### WHAT YOU NEED TO DO
Take the material below and reproduce, word for word, only the lines from the line with "LEONHDZ's cam snapshot" through the line with "La Superluna Esturión".

### STUDY MATERIAL

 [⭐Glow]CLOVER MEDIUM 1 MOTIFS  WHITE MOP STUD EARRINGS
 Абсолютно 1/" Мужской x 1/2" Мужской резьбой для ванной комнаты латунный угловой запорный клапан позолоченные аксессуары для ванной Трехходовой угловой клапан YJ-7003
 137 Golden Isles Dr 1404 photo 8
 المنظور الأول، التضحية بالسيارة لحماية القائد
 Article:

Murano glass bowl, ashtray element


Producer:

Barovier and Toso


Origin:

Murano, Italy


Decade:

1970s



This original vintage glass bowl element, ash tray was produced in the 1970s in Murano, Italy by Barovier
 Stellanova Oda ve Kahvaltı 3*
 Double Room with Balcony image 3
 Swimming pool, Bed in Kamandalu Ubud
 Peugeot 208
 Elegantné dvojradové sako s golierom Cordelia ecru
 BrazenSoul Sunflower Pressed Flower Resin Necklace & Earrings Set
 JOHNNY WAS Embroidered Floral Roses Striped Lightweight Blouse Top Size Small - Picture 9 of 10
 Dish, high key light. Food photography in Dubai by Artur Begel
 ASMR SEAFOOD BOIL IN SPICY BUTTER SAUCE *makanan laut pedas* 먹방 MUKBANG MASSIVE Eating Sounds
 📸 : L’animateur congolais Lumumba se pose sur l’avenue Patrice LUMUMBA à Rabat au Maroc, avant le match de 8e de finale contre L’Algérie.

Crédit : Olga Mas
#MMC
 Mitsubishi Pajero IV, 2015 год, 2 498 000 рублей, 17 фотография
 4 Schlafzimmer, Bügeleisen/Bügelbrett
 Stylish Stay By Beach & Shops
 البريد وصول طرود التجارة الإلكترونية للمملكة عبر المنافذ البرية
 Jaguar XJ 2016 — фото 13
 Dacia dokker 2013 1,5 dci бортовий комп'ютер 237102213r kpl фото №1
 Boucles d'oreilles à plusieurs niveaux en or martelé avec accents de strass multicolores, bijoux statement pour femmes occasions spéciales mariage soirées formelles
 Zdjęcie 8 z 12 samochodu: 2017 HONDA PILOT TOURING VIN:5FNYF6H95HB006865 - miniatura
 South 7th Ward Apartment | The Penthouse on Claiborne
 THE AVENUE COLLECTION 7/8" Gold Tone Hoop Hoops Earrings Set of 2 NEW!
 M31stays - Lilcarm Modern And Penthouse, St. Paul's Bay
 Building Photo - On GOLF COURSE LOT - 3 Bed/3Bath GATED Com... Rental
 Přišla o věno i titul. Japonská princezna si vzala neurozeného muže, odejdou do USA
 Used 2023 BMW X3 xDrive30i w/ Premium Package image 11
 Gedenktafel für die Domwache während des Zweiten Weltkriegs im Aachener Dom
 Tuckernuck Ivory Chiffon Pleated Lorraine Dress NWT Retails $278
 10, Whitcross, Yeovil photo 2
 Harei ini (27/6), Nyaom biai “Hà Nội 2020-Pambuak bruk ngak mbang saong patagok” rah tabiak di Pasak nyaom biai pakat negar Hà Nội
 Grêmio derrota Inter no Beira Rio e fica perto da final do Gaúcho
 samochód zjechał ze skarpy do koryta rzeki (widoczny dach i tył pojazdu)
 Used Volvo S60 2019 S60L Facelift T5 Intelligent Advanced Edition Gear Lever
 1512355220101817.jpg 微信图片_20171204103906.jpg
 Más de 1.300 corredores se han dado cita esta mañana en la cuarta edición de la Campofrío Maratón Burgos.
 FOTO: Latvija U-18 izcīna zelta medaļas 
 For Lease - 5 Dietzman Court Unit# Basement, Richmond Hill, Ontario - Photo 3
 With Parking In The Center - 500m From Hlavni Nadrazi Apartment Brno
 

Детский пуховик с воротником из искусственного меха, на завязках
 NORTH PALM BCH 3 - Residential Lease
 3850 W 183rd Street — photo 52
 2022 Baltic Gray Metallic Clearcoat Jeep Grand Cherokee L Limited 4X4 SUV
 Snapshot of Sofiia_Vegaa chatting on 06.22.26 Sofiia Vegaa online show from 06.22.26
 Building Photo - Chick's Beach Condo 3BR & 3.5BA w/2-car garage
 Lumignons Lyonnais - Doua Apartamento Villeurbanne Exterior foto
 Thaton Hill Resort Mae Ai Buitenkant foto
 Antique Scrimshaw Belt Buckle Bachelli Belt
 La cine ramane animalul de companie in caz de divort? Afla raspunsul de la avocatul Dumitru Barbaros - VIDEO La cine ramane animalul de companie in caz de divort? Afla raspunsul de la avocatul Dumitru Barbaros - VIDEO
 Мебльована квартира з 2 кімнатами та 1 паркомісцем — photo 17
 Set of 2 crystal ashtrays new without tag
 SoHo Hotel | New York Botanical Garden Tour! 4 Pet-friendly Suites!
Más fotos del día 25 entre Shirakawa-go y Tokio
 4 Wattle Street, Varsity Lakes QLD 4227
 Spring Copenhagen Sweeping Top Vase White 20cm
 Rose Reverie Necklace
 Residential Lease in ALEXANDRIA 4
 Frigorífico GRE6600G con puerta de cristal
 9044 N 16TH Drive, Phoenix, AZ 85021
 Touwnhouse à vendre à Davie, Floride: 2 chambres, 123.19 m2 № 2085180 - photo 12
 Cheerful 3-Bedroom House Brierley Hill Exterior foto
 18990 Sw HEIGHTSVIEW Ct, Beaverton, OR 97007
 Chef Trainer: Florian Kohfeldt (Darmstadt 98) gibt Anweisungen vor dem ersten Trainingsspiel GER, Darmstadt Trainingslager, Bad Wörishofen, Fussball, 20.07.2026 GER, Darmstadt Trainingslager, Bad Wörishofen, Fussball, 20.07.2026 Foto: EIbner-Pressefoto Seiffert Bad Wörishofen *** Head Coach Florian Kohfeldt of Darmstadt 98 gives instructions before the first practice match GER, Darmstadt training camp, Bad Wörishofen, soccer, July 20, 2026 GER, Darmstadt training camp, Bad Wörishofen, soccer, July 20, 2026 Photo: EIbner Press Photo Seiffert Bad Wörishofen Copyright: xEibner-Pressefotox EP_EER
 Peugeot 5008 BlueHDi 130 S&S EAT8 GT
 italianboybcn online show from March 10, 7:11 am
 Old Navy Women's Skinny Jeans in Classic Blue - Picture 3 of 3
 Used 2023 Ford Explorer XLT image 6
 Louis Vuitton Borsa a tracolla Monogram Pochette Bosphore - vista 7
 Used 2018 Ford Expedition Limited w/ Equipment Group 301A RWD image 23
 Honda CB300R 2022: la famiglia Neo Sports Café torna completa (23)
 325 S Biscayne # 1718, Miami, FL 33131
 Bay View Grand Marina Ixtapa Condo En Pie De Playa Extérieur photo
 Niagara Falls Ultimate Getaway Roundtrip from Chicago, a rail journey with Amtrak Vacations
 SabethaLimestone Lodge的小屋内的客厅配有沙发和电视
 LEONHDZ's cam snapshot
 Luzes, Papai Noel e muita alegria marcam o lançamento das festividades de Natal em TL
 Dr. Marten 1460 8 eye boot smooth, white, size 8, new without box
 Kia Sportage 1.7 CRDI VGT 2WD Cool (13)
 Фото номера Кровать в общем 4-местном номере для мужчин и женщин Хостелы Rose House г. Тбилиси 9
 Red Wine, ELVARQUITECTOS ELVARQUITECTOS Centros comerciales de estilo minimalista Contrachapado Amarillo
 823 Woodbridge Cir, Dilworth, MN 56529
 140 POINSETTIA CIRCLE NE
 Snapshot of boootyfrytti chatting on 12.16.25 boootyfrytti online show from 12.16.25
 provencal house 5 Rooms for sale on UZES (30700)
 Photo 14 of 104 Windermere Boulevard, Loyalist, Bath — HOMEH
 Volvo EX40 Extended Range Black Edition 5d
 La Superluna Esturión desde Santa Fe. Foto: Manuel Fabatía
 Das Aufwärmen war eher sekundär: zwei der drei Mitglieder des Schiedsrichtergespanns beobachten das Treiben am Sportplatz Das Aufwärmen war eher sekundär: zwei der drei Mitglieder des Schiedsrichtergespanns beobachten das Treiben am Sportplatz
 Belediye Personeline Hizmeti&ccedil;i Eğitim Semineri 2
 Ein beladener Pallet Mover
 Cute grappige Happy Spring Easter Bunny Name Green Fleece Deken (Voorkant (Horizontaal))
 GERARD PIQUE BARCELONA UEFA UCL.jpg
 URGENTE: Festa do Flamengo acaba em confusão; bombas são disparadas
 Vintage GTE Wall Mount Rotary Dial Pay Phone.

### EXERCISE OUTPUT
 LEONHDZ's cam snapshot
 Luzes, Papai Noel e muita alegria marcam o lançamento das festividades de Natal em TL
 Dr. Marten 1460 8 eye boot smooth, white, size 8, new without box
 Kia Sportage 1.7 CRDI VGT 2WD Cool (13)
 Фото номера Кровать в общем 4-местном номере для мужчин и женщин Хостелы Rose House г. Тбилиси 9
 Red Wine, ELVARQUITECTOS ELVARQUITECTOS Centros comerciales de estilo minimalista Contrachapado Amarillo
 823 Woodbridge Cir, Dilworth, MN 56529
 140 POINSETTIA CIRCLE NE
 Snapshot of boootyfrytti chatting on 12.16.25 boootyfrytti online show from 12.16.25
 provencal house 5 Rooms for sale on UZES (30700)
 Photo 14 of 104 Windermere Boulevard, Loyalist, Bath — HOMEH
 Volvo EX40 Extended Range Black Edition 5d
 La Superluna Esturión desde Santa Fe. Foto: Manuel Fabatía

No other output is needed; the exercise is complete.